**What to do**
Lines below starting with the line with "Hello everybody, it's" and going on through the line with "Wow. Out of" must be output exactly; the rest of the records must be left out.

**Provided data**
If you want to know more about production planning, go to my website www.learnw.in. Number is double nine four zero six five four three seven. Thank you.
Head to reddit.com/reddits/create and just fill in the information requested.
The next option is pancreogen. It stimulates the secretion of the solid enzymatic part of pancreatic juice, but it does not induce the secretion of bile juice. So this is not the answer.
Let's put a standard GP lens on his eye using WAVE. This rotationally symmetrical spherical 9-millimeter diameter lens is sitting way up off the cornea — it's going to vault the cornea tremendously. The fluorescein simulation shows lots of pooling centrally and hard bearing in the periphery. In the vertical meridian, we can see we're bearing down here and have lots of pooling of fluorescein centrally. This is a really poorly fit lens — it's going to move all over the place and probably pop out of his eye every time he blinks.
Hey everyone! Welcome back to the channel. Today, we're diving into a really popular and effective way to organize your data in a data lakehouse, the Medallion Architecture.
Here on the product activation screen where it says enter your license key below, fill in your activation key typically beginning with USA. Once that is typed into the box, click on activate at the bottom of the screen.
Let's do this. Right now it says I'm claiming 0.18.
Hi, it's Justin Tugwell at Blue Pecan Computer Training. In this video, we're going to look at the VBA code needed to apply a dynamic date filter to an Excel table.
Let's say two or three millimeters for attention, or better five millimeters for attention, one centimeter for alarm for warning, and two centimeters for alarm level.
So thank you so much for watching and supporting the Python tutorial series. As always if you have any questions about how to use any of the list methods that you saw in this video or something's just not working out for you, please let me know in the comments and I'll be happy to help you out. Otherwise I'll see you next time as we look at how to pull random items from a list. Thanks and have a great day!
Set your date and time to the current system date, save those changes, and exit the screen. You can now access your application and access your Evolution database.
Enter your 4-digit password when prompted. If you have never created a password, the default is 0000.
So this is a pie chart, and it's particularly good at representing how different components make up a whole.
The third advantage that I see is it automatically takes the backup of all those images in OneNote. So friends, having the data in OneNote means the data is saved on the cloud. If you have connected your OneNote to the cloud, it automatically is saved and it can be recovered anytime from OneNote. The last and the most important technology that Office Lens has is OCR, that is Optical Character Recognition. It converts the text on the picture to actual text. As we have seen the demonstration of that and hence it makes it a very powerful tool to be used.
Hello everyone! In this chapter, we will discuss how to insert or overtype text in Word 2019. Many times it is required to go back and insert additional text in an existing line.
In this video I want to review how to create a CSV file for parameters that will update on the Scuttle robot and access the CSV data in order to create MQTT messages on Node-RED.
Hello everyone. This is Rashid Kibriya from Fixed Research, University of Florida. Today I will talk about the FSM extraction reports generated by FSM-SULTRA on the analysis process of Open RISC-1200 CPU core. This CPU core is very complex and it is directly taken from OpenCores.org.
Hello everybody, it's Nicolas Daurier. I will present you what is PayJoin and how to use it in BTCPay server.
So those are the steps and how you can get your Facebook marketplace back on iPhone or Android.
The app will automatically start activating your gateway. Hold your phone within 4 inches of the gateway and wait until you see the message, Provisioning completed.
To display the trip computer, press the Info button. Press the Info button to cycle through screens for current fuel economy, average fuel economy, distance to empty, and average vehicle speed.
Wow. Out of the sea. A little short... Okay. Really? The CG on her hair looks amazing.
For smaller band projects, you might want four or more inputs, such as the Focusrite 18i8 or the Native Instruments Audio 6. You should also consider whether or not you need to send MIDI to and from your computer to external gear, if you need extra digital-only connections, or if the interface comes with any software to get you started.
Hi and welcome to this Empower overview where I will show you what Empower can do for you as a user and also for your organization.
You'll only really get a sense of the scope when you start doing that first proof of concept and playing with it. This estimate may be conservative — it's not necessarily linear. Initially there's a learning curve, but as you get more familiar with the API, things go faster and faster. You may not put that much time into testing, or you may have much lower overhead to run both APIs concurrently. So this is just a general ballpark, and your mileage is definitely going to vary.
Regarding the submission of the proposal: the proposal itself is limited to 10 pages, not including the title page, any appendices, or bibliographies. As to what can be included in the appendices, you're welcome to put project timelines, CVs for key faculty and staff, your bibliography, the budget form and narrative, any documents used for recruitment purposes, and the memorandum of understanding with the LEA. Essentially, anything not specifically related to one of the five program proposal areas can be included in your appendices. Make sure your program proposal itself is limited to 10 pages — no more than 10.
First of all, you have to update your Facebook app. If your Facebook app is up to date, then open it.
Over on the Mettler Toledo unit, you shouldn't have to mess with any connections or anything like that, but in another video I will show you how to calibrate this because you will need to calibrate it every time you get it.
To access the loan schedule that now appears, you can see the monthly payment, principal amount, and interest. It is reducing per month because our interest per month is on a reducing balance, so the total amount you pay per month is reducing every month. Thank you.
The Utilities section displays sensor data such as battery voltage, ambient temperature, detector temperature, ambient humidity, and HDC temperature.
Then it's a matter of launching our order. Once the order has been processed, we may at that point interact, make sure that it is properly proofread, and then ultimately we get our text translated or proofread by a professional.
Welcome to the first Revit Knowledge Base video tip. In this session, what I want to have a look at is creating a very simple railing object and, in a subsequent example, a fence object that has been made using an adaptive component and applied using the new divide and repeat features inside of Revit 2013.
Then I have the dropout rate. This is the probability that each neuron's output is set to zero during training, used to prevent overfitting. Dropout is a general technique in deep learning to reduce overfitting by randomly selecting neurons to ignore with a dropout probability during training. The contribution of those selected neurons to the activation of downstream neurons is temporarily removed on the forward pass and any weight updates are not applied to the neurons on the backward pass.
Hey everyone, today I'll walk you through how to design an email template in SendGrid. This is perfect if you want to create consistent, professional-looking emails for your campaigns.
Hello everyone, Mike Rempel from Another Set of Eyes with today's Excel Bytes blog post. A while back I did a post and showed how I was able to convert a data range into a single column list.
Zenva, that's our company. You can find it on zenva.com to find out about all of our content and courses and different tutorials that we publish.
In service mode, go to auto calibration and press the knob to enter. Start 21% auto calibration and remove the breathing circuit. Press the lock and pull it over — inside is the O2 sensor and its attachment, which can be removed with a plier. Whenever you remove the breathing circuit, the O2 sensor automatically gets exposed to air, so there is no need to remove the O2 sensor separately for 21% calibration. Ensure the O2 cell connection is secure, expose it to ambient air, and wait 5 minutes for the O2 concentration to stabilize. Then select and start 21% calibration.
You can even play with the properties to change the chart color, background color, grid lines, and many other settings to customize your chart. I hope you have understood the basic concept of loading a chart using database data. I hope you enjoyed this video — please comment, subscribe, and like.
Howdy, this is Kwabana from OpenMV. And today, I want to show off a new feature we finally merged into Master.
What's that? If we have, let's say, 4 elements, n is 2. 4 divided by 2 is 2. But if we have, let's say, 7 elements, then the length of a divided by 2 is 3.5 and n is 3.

**Output below**
Hello everybody, it's Nicolas Daurier. I will present you what is PayJoin and how to use it in BTCPay server.
So those are the steps and how you can get your Facebook marketplace back on iPhone or Android.
The app will automatically start activating your gateway. Hold your phone within 4 inches of the gateway and wait until you see the message, Provisioning completed.
To display the trip computer, press the Info button. Press the Info button to cycle through screens for current fuel economy, average fuel economy, distance to empty, and average vehicle speed.
Wow. Out of the sea. A little short... Okay. Really? The CG on her hair looks amazing.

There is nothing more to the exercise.